Photo Essay: Ephesus
Wake Forest University
Ephesus is located in the western part of Asia Minor, 680 kilometers south of Istanbul along the Aegean Coast of modern-day Turkey. The excavation site of the ancient city lies five kilometers outside of the modern city of Selçuk. The Athenians first colonized the area around Ephesus in the tenth century BCE. By the time of Alexander the Great, a well-established temple to Cybele/Artemis anchored the city's religious, political, and economic life. Lysimachus, one of Alexander's generals, moved the city away from the Artemis temple to the western slope of the Panayırdağ in the third century CE where it remained until its decline after the sixth century CE. The modern excavation site is concentrated around Lysimachus’ new city which encompassed two hills, the Panayırdağ and the Bülbüldağ. The valley between them creates one of the main roads connecting the governmental center of the city (Upper Agora) with the civic (Triodos) and commercial centers (Tetragonos Agora and Harbor) of the city.

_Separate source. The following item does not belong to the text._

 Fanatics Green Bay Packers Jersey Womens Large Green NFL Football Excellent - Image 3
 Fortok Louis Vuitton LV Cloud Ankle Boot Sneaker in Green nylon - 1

When the Pergamene kingdom was bequeathed to Rome in 133 BCE, the city did not fully welcome Roman rule. After paying a significant tribute to Rome for siding with Antony, Augustus named it the new provincial capital of Asia in 27 BCE. During the next three centuries, the city was a trade center in the eastern Empire and as a center for the cult of the Roman emperors. By the fourth century, Ephesus became a place of Christian pilgrimage, erecting monuments to the communal memory of early Christian figures, including John, Luke, Paul, and Thekla. Over the next few centuries the city slowly fell into decline, the harbor silted up, and earthquakes destroyed much infrastructure. It was largely deserted by the tenth century CE.